I want to be able to love someone else.

I have realized that if you do not first love who you are, it is extremely hard to love someone else. I feel as if I still have the ability to love, but I lose myself while I am loving someone else. The biggest issue that I found was that I began relying solely on the person I was loving to provide me with everyday happiness. That becomes draining. It hurt me to continuously drain the energy out of the person I said I loved everyday. How can I bring the person I love down each and every day? To me, that is not love. It is important to me before I try to love someone again, that I can look at myself with adoration.

It sucks that I am so good at self-deprecating jokes. I hate that it is so easy for me to make fun of myself. It is almost as if every joke I have to hand out is about a stupid thing I have done or about my appearance. I can imagine how awkward that must be for others. Of course, they laugh along, but how can other's respect me if I don't even respect myself?

Is it possible to stop nitpicking myself?

Every time the weekend roles around and it is time to hit the town, I catch myself in the mirror nitpicking. I honestly think if I didn't spend so much time picking out things I claim to hate about myself, my routine of getting ready could potentially be cut in half. And in all honesty, does anyone really notice the things that I notice? Probably not.

My friends love photo shoots, but I do not. My friends love location scouting and taking amazing VSCO- and Instagram-worthy photos. Do not get me wrong, I love the scouting part. However, when we arrive and it is time to take photos, my stomach drops.
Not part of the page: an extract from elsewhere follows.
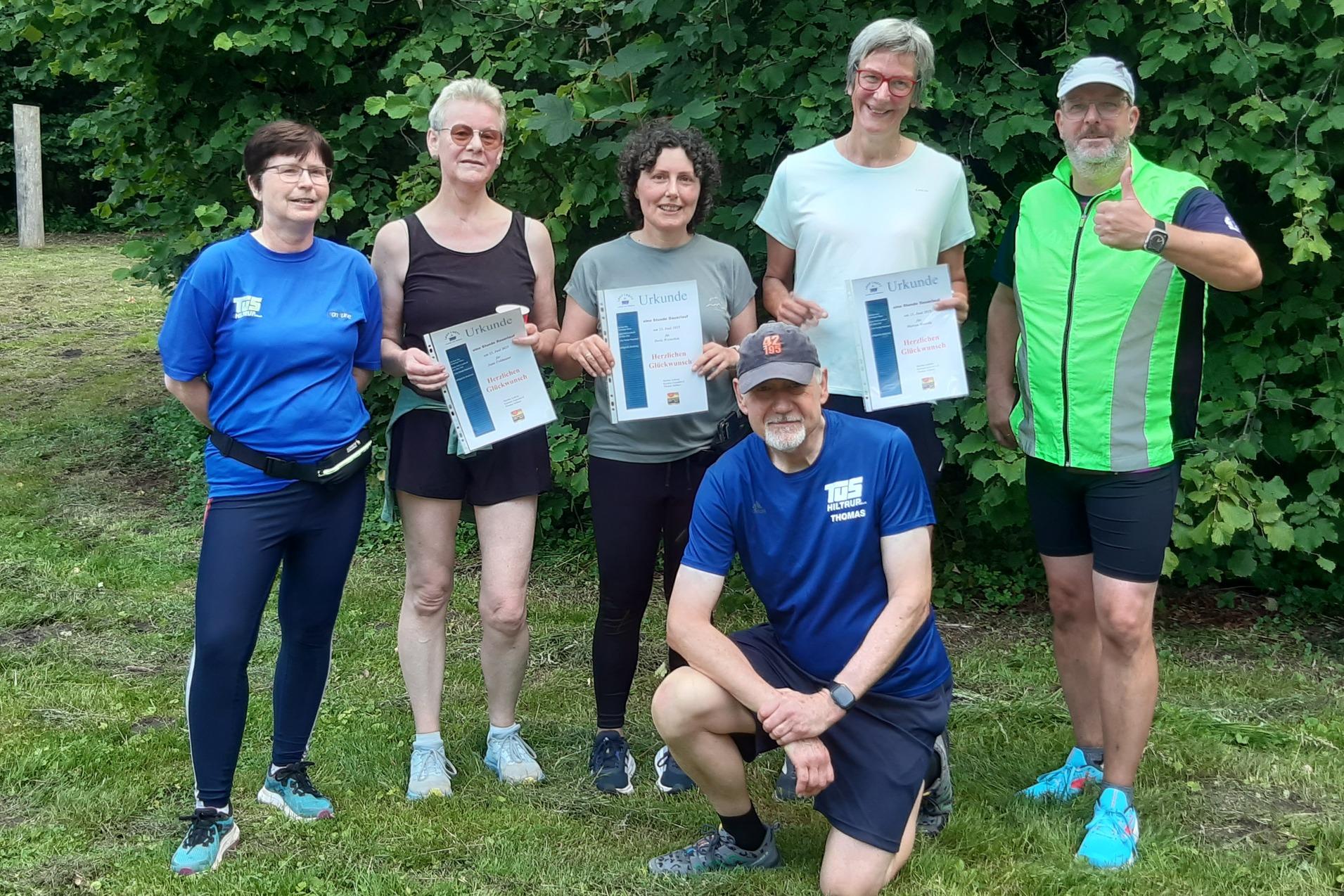 Gruppe von sechs Personen im Freien, die stolz ihre Urkunden in der Hand halten, vor einer grünen Baumkulisse.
I am much more comfortable being behind the camera taking my friend's photos. I have broken down on multiple occasions and let my friends take my picture, which leads to deleting bulk amounts of photos. I have saved a few photos from these so-called "photo shoots," but I just want to be more comfortable doing things my friends enjoy.

I hate the amount of opportunities I didn't take.
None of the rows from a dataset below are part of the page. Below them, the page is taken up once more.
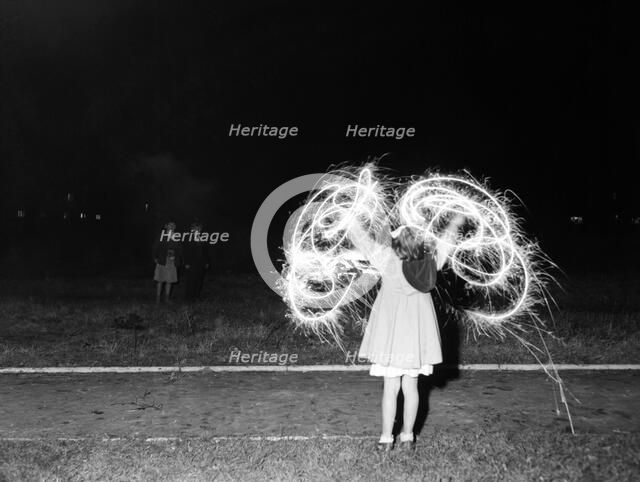 Children with fireworks, c1955. Creator: Arthur Charles Kirby Ware.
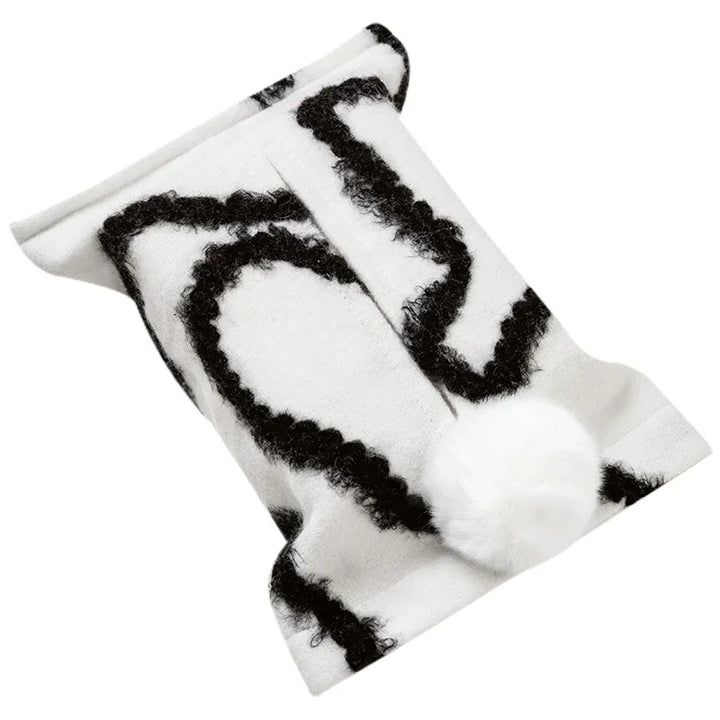 White tissue pouch with black wavy lines and a white bunny-tail pom-pom.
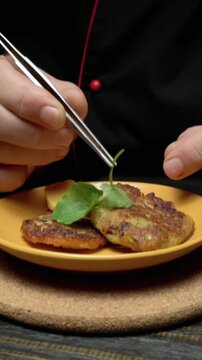 Chef carefully garnishes fried plantains on a yellow plate with fresh green leaves using tweezers in a well-lit kitchen setting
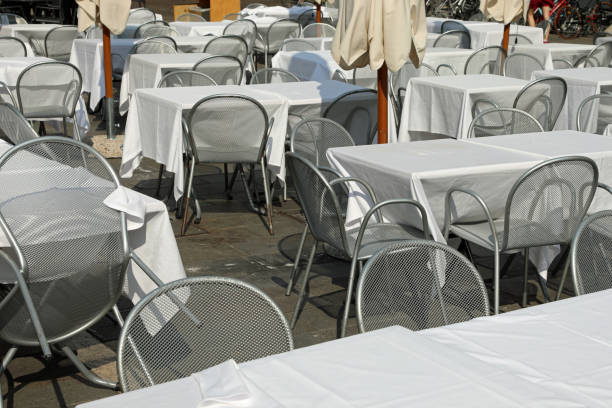 istock empty chairs and tables with white tablecloth without customers in the alfresco restaurante in the square of European city 1402332246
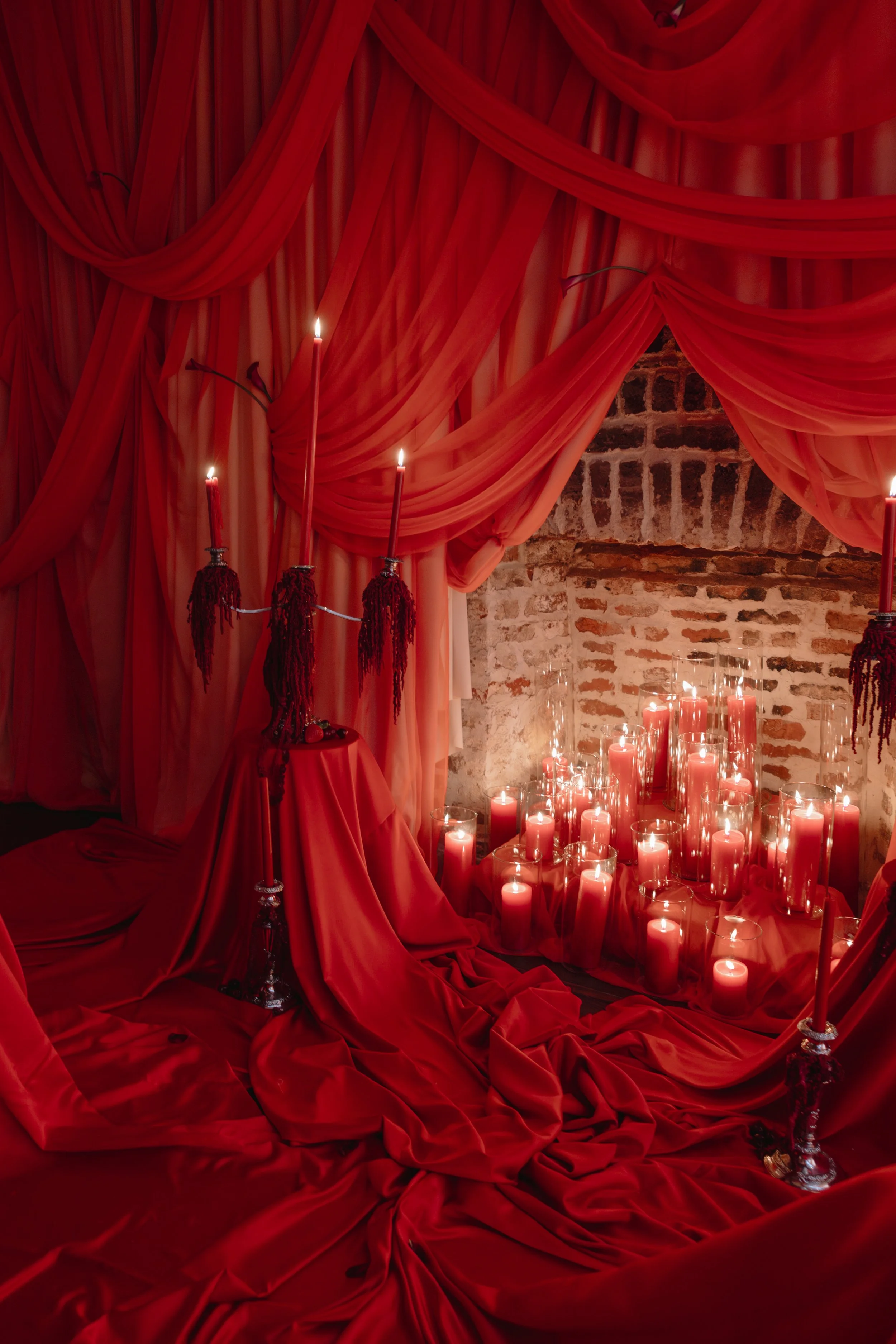 A romantic scene with red draped fabric, tall red candles, and numerous candles in glass containers on the floor, all illuminated by candlelight, against an exposed brick wall for a wedding reception in Charleston, South Carolina.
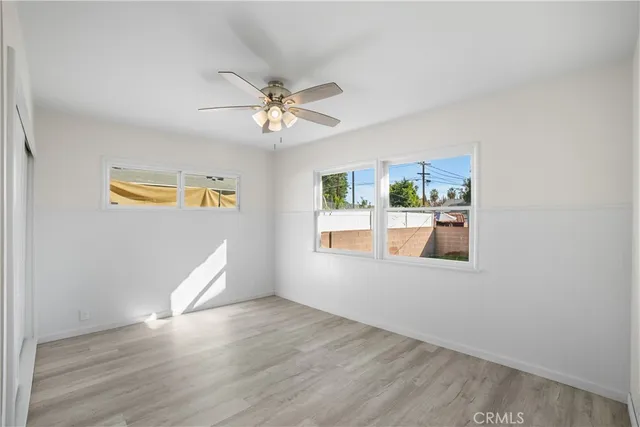 a view of empty room with wooden floor and fan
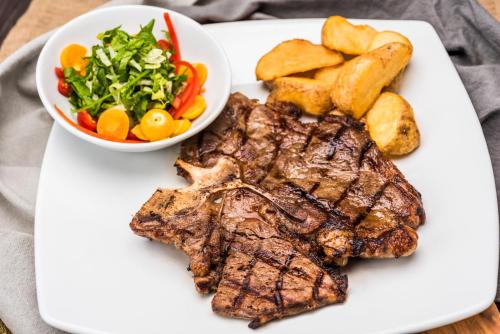 a plate with steak and potatoes and a bowl of vegetables at Crowne Plaza Barranquilla by IHG in Barranquilla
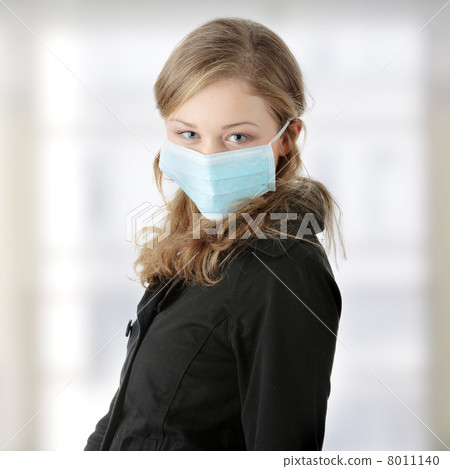 A model wearing a mask to prevent Swine Flu infection. A model wearing a mask to prevent Swine Flu infection. 8011140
I have been presented with so many different opportunities, and I did not take them. These range from opportunities to love someone, chances to go to really cool events, opportunities to speak in front of people, and even job offers. This is a really extensive reason for why I want to be able to love me, believe in me, and in more simpler terms feel more secure with myself overall. If I could just believe in myself a bit more, I could have probably had so much more content for my professional resume. If I loved myself a bit more, I would probably of not lost my chance to love another person. I dislike greatly how easy it is for me to cancel on someone or not take an opportunity just because I don't feel okay with myself.

Sometimes I feel like I do not have a voice.

Have you ever been sitting in class when the professor asks a question and you know the answer, but you do not raise your hand because you are second guessing yourself? That is me 24/7. More often than not there is something I want to say, but I am too scared to speak out. The "what ifs" flood my mind. What if I sound dumb, what if what I have to say starts an argument, what if they do not like me because of my opinion? It's not fair that I let my class participation grade suffer as a result of this. It is not fair that I do that to myself at all.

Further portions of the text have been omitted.